A true modern day Renaissance man, Henry Rollins has thrived as a musician, actor, television host, radio personality, record label owner, columnist, and comedic live performer. While having been the singer of Black Flag would have been good enough for many people, it was only the starting point for Henry, whose music achieved mainstream success with the 1994 Rollins Band release Weight. The last Rollins Band recordings came out in 2002, however, so Henry Rollins has been relying on artistic pursuits to pay the bills for nearly 15 years; he is currently the host of H2’s 10 Things You Don’t Know About after 41 episodes as host of IFC’s The Henry Rollins Show.
Henry returns to New York on Oct. 25 with a spoken word performance at the Gramercy Theatre. One night later on Oct. 26, he will appear at The Space At Westbury on Long Island. In support of these gigs, Henry spoke to Downtown about what keeps him going as a multi-faceted performer all these years later. He can be visited online at www.henryrollins.com.

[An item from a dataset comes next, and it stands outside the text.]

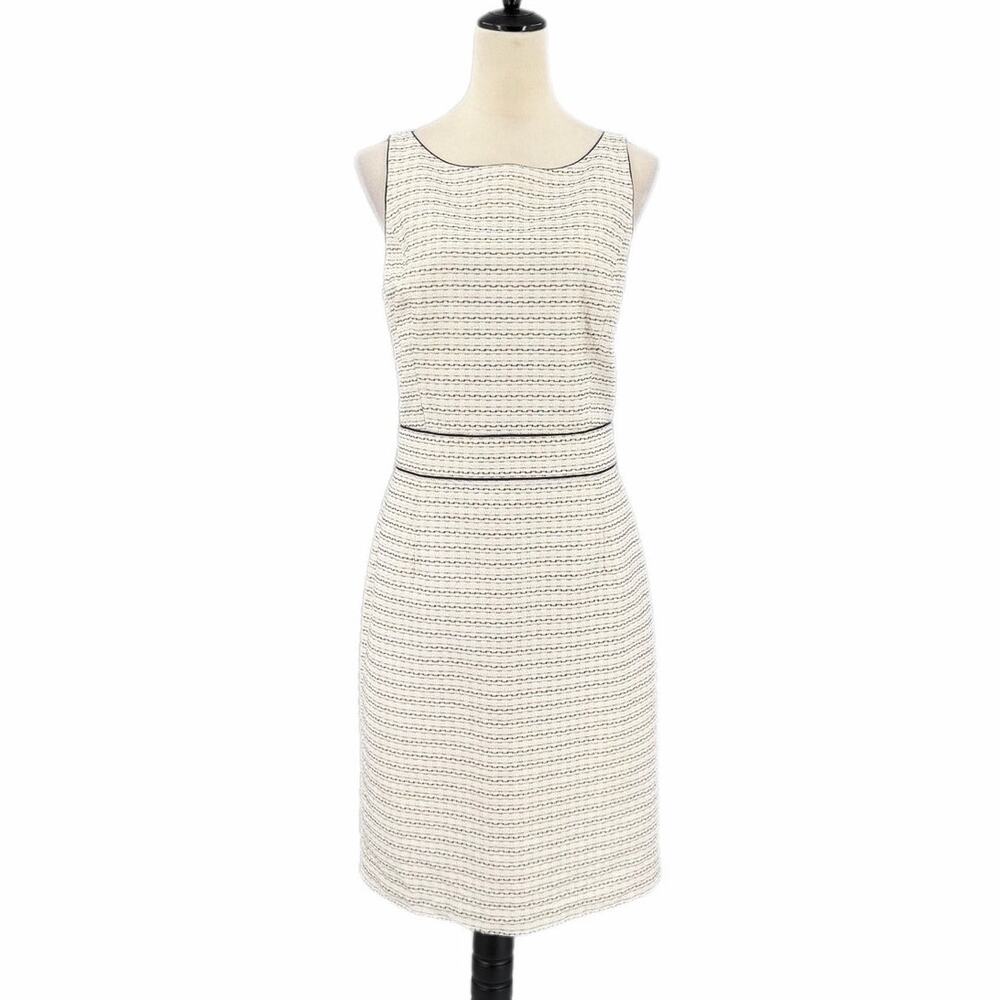 Banana Republic White Black Tweed Cotton Professional Workwear Polished Dress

When I interviewed you a little over 15 years ago, you’d said that your proudest accomplishment is that you’re still doing it. Is that how you still feel?
Henry Rollins: Yes and no. I am grateful to still be able to get a show. There are many in my age group who do not have the same good news. I do my best to reject pride. I think it clouds the perception. At this point, my gratitude is at the front of everything I do. It makes me want to deliver as best I can. I am amazed I am still in the mix.
A lot of people first discovered you as a vocalist. Along the way, you’ve also had success as an actor, a host, a writer, a label owner, and a stage performer. When forced into small talk with a stranger and they ask what you do for a living, how do you describe yourself?
HR: Usually, I am recognized before I am asked that, but it happens. I try to minimize the answer. I will say something true, like I have a radio show on a station on a university campus. I try to focus on something like that and then quickly ask what they do. Otherwise, to fully answer the question can make one think you are quite taken with yourself.
When was it that you realized the need to be diversified, professionally speaking? Or did you wind up with so many projects by accident?
HR: In the summer of 1984, I looked around and saw all the talented people I was surrounded by. Minutemen, Husker Du, Meat Puppets, etc. Between tours, they were working small jobs to get by. I knew I had not a fraction of their talent. In order to survive USA, I would need plans b, c, d, etc. I started working harder on the writing, the talking shows. I knew that music wouldn’t sustain me. The music actually did turn into something that sustained me, but while I was doing that, I was working on other skills and saying yes to work. I kept at all of it. I have basically been knocking myself out for 30+ years on all this stuff and at this point, don’t know any other way to go about it. It keeps things interesting, that’s for sure.
For someone who hasn’t seen you live before, how do you describe one of your spoken word shows? Is there a theme to this upcoming tour?
HR: I will be on-stage talking at a high rate of speed for an hour and some. There is no theme, although travel stories usually play a part. I travel all over and bring stories back to the stage. There is a lot of inherent humor in a lot of the stories.
What do you remember about the first time you ever performed in New York City? Where was it?
HR: I think it was with Black Flag in December of 1981 at the Peppermint Lounge, where I had seen them play months before. It was crazy to have gone from the floor to the stage. I don’t remember anything about the show.
When not busy with your career, how do you like to spend your free time?
HR: I listen to as much music as I can. I read.
Finally, Henry, any last words for the kids?
HR: Science is your friend. Start voting as soon as you are able.